§ **Data segment**
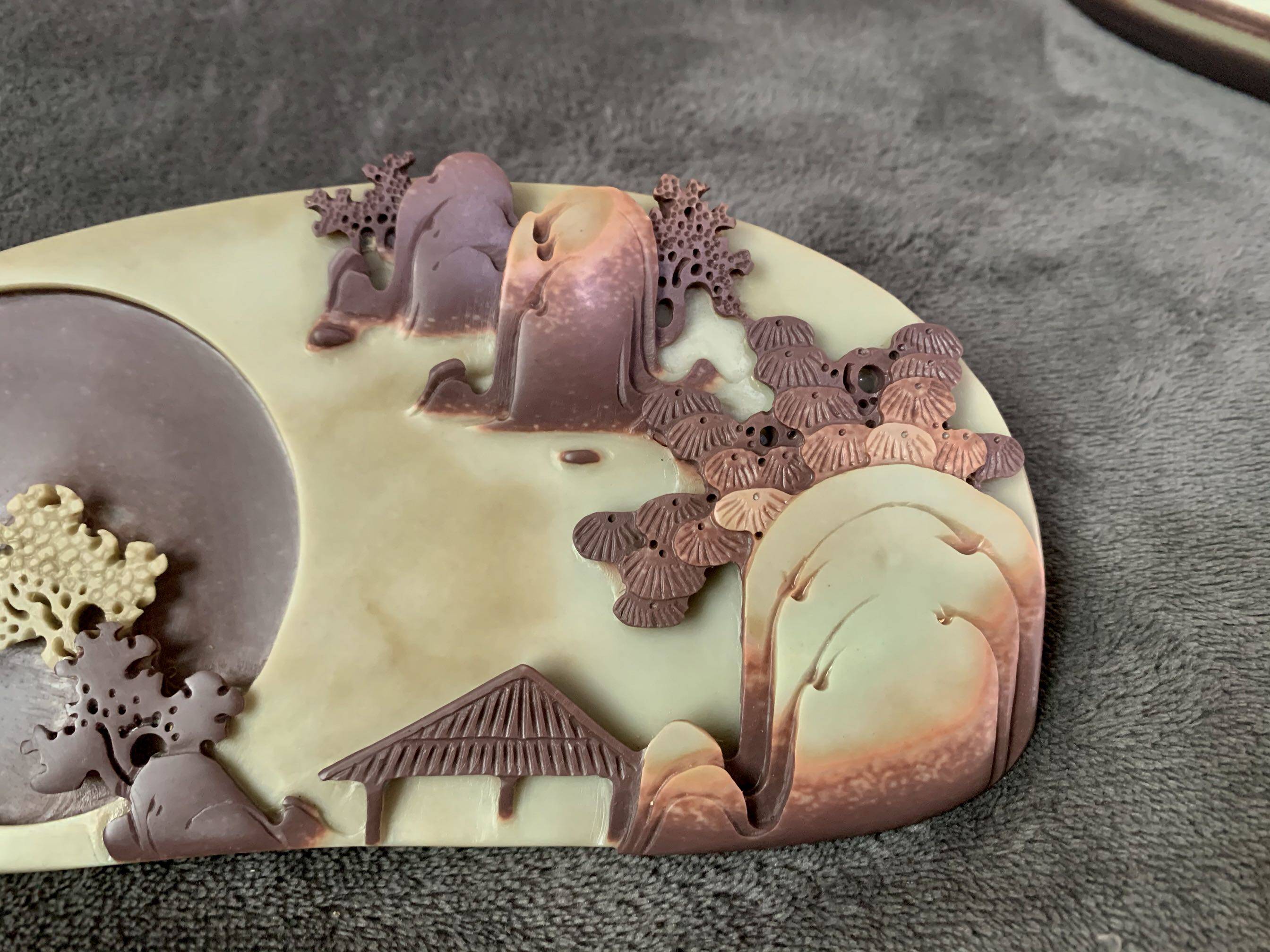 紫袍玉带茶海紫袍整块天然茶台石头茶盘石砚台砚石文房四宝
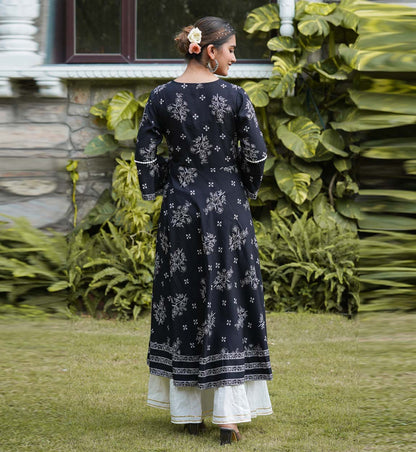 Rayon Floral Print Angrakha Kurta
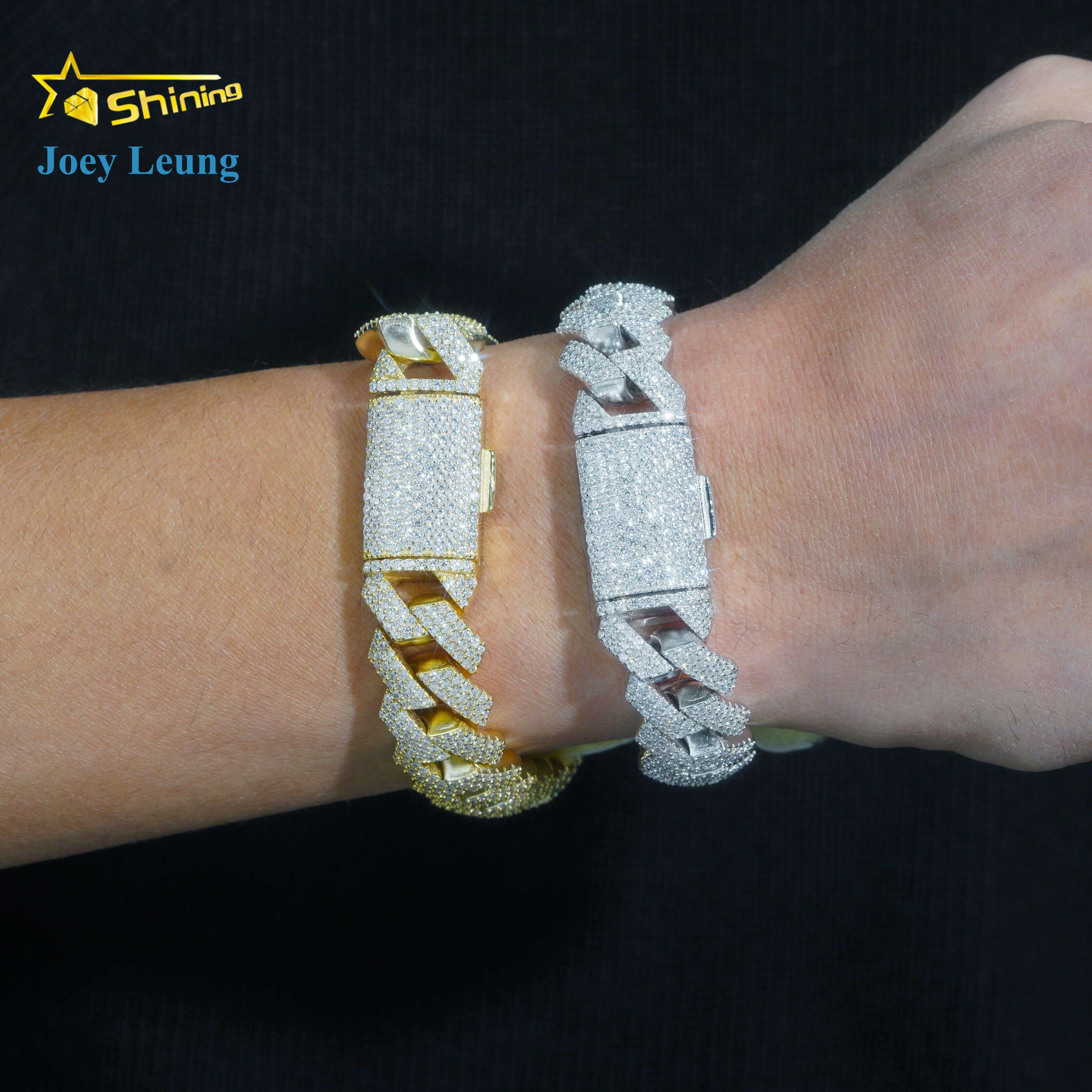 Iced Out 925 Sterling Silver VVS Moissanite Diamond Rapper Jewelry for Men 16MM Three Rows Hip Hop Cuban Link Bracelet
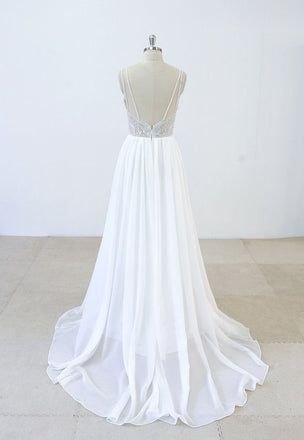 Deep V-neck Spaghetti Straps applique Backless chiffon Wedding Dresses with train, WD0366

§ **Task prompt**
Print the data above in full and exactly as it appears, skipping the pictures.

§ **Response area**
 紫袍玉带茶海紫袍整块天然茶台石头茶盘石砚台砚石文房四宝
 Rayon Floral Print Angrakha Kurta
 Iced Out 925 Sterling Silver VVS Moissanite Diamond Rapper Jewelry for Men 16MM Three Rows Hip Hop Cuban Link Bracelet
 Deep V-neck Spaghetti Straps applique Backless chiffon Wedding Dresses with train, WD0366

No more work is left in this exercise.